Chair Force Engineer

Sunday, September 28, 2008

One small launch for a rocket, one giant leap for newspace

My hat goes off to SpaceX for successfully achieving orbit on the fourth launch of Falcon I. I'm sure a lot of observers of this industry, and a lot of space enthusiasts feel the same way. It's been a rocky road to get to this point, and the road will be even bumpier from here out. But with that being said, this is a brief moment for SpaceX to bask in the glory of achieving orbit with a privately-developed vehicle.

The only concern I have from watching the launch video feed is all of the debris that seemed to hang around the second stage nozzle. With that being said, I thought that separation was much cleaner than on the previous flights.

While Falcon I has found success, Falcon IX will be a much tougher challenge. With nine Merlin engines on the first stage and a single Merlin on stage 2, it's a much more complex vehicle than Falcon I and its pairing of one Merlin with one Kestrel.

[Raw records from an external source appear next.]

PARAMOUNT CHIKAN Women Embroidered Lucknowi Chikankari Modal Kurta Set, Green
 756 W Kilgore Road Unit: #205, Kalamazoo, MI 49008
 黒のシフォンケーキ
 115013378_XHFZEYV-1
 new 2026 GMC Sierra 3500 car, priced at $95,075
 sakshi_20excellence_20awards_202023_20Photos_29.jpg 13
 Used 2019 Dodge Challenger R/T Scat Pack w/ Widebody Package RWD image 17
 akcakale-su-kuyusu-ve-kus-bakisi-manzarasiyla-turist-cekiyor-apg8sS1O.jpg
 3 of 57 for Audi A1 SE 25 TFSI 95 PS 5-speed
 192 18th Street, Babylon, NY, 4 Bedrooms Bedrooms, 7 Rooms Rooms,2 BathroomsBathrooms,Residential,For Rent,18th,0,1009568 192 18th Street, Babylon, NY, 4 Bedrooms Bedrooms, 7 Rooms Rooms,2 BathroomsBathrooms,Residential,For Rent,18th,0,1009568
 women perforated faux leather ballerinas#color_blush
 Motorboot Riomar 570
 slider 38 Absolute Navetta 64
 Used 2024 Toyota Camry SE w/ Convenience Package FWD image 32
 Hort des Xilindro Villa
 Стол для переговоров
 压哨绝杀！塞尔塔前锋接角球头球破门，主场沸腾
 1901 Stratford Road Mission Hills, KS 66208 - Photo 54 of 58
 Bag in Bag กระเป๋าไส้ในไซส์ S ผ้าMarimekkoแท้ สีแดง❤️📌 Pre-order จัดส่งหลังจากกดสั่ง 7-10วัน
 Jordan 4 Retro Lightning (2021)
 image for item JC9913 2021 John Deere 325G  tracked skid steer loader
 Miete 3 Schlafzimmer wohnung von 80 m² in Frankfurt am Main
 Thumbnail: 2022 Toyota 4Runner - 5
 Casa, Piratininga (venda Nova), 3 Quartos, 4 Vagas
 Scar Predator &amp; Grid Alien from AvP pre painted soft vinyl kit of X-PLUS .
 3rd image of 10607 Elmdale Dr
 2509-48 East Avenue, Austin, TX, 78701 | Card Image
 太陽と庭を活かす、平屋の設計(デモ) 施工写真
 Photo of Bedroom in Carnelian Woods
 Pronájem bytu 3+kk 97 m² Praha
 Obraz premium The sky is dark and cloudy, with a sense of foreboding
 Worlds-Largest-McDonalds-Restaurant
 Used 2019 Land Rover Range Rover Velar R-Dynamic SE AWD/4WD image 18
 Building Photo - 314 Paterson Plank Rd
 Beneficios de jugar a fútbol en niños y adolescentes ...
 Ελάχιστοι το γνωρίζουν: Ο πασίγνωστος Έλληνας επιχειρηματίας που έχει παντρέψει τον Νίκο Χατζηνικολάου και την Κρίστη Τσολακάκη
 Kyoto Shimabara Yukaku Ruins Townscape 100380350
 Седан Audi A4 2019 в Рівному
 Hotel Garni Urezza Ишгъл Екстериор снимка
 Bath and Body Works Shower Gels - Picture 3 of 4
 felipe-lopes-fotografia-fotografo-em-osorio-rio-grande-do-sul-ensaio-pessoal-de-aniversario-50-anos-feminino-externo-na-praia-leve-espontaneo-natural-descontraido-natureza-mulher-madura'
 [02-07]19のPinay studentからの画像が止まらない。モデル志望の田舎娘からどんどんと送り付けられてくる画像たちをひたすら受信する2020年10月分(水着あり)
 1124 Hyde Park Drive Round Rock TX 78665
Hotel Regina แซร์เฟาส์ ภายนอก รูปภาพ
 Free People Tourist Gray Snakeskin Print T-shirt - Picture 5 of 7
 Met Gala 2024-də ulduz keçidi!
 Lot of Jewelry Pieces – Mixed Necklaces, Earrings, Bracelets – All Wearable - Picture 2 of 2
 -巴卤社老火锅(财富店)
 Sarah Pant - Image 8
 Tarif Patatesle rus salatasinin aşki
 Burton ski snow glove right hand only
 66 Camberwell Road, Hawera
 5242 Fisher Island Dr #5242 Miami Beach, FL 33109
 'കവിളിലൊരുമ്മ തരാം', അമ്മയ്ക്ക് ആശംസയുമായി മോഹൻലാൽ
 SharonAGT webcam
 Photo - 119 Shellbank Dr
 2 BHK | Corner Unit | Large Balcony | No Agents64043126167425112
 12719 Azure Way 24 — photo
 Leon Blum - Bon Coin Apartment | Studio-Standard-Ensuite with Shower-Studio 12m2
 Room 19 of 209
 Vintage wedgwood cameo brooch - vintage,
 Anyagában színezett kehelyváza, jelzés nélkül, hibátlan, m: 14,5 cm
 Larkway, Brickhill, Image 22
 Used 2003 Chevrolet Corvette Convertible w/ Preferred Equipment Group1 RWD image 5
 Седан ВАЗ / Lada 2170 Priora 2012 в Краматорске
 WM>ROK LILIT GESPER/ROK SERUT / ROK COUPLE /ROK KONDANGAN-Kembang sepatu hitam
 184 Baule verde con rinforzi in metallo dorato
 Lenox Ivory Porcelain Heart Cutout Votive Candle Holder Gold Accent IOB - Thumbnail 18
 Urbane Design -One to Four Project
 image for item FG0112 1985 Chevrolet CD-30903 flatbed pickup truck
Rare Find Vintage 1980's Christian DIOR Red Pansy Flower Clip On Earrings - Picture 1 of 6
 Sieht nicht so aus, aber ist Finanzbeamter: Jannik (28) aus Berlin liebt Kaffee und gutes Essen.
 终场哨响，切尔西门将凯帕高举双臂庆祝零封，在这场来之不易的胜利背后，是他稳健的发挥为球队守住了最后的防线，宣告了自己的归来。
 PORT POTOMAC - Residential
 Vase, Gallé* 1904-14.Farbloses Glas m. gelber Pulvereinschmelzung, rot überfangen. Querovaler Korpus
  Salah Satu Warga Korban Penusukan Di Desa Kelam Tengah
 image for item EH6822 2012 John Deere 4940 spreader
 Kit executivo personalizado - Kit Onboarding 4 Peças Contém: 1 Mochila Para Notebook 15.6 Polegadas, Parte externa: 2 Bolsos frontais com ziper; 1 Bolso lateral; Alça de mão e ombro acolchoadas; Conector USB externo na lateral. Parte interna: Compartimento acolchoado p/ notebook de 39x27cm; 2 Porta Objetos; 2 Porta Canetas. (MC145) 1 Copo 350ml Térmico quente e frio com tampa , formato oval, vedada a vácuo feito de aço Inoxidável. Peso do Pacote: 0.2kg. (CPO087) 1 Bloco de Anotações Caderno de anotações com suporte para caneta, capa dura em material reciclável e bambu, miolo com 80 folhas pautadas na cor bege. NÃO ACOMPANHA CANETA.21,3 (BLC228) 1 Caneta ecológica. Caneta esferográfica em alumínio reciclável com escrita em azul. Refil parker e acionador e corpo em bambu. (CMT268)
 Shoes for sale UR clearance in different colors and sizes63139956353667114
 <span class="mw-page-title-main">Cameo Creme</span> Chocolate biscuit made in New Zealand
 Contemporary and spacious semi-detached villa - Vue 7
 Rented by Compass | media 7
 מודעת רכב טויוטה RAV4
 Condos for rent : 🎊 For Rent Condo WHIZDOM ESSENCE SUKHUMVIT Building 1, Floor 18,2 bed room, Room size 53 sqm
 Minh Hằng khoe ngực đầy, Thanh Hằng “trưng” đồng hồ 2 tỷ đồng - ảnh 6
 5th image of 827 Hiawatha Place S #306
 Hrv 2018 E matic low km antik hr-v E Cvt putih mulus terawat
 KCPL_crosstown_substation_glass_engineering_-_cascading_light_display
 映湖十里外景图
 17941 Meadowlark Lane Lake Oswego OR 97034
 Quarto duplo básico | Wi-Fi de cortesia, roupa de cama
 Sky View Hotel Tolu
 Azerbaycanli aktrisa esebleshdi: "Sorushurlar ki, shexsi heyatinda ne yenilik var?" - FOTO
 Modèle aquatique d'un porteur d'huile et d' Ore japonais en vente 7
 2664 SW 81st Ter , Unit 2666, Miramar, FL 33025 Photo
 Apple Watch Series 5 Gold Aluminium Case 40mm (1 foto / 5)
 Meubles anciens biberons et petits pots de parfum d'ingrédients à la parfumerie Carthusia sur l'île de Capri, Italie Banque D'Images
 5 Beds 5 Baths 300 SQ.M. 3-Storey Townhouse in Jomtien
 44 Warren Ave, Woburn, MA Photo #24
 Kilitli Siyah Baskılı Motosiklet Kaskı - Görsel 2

Another factor worth considering is the long-term profitability of SpaceX. The Pegasus launcher is case-in-point. Also developed with private funds, the Pegasus program was launched with claims of low cost per each kilogram of payload to orbit. Due to a lack of missions and a low launch rate, Pegasus prices skyrocketed beyond what was initially projected. SpaceX hopes that Falcon IX will have a high flight rate thanks to COTS and space tourism missions. But if these goals aren't met, Falcon IX will turn into little more than another fairly-expensive EELV-class rocket like Delta or Atlas.

With all that being said, today is a very encouraging day. The accomplishments of SpaceX leading up to today's launch may be more important than the other government-funded space stunts of this past week, at least in terms of advancing humanity's permanent presence in space.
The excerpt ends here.